------ Records for this exercise ------

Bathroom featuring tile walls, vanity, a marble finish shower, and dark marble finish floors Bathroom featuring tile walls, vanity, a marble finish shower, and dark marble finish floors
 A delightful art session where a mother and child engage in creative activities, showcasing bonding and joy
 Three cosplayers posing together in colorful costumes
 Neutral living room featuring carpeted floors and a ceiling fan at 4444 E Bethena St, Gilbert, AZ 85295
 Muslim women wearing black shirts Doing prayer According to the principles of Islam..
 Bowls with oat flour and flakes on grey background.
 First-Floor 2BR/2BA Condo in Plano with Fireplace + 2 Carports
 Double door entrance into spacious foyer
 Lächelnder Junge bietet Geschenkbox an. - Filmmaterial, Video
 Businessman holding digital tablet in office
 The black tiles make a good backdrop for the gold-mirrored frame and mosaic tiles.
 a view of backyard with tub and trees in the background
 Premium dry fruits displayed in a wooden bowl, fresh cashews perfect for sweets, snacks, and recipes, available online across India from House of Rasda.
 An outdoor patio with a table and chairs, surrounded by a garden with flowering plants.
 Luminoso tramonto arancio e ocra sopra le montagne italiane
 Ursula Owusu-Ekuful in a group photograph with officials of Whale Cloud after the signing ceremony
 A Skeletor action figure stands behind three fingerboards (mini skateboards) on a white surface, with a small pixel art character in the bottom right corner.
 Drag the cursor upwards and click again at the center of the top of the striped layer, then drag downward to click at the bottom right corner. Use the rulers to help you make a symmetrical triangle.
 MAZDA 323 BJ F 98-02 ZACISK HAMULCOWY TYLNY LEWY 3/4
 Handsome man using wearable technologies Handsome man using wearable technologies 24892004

------

For the string "right", go through the entries above and copy each line where it occurs.

■ **Reply**
 A Skeletor action figure stands behind three fingerboards (mini skateboards) on a white surface, with a small pixel art character in the bottom right corner.
 Drag the cursor upwards and click again at the center of the top of the striped layer, then drag downward to click at the bottom right corner. Use the rulers to help you make a symmetrical triangle.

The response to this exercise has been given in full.